Se fosse escolher santos, escolheria sem dúvida nenhuma São Cosme e São Damião, que morreram decapitados já homem feitos, mas sempre são representados como dois meninos, dois gêmeos de ar bobinho, na cerâmica ingênua dos santeiros do povo.
"São Cosme e São Damião, protegei os meninos de Brasil, todos os meninos e meninas do Brasil.
Protegei os meninos ricos, pois toda a riqueza não impede que eles possam ficar doentes ou tristes, ou viver coisas tristes, ou ouvir ou ver coisas ruins.
Protegei os meninos dos casais que não se separam e se dizem coisas amargas e fazem coisas que os meninos vêem, ouvem, sentem.
Protegei os filhos dos homens bêbados e estúpidos, e também os meninos das mães histéricas ou ruins.
Protegei o menino mimado a quem os mimos podem fazer mal e protegei os órfãos, os filhos sem pai, e os enjeitados.
Protegei o menino que estuda e o menino que trabalha, e protegei o menino que é apenas moleque de rua e só sabe pedir esmola e furtar.
Protegei ó São Cosme e São Damião! - protegei os meninos protegidos pelos asilos e orfanatos, e que aprendem a rezar e obedecer e andar na fila e ser humildes, e os meninos protegidos pelo SAM, ah!

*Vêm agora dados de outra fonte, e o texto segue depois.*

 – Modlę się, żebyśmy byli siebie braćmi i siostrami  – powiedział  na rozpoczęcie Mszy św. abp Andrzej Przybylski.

São Cosme e São Damião, protegei muitos os pobres meninos protegidos!
E protegei sobretudo os meninos pobres dos morros e dos mocambos, os tristes meninos da cidade e os meninos amarelos, e barrigudinhos da roça, protegei suas canelinhas finas, suas cabecinhas sujas, seus pés que podem pisar em cobra e seus olhos que podem pegar tracoma - e afastai de todo perigo e de toda maldade os meninos do Brasil, os louros e os escurinhos, todos os milhões de meninos deste grande e pobre e abandonado meninão triste que é o nosso Brasil, ó Glorioso São Cosme, Glorioso São Damião!"
Setembro, 1957.
* * *
In: "200 crônicas escolhidas", Record, 2002, p. 328-329.